Brief: Could you please output all of the data exactly, without the images?

Data excerpt:
:::
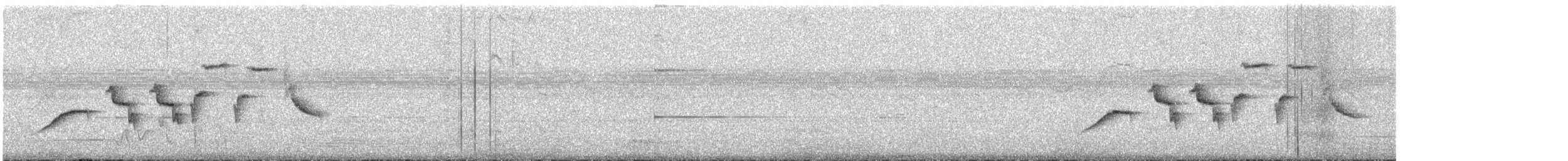 Bruant gris - ML639405228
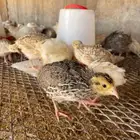 سمان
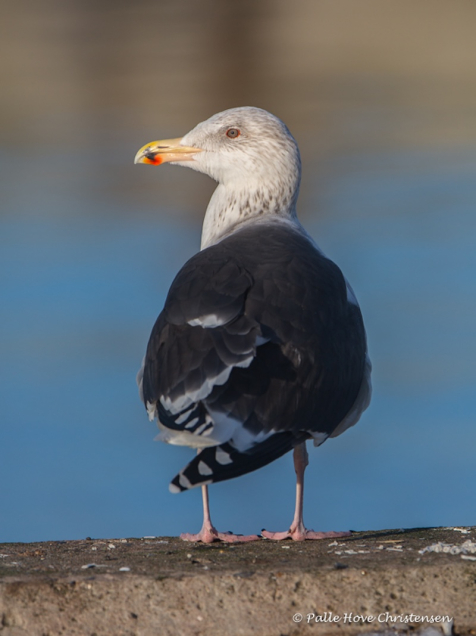 Svartbag, Hirtshals havn, Januar 2015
:::
Answer for this exercise:
 Bruant gris - ML639405228
 سمان
 Svartbag, Hirtshals havn, Januar 2015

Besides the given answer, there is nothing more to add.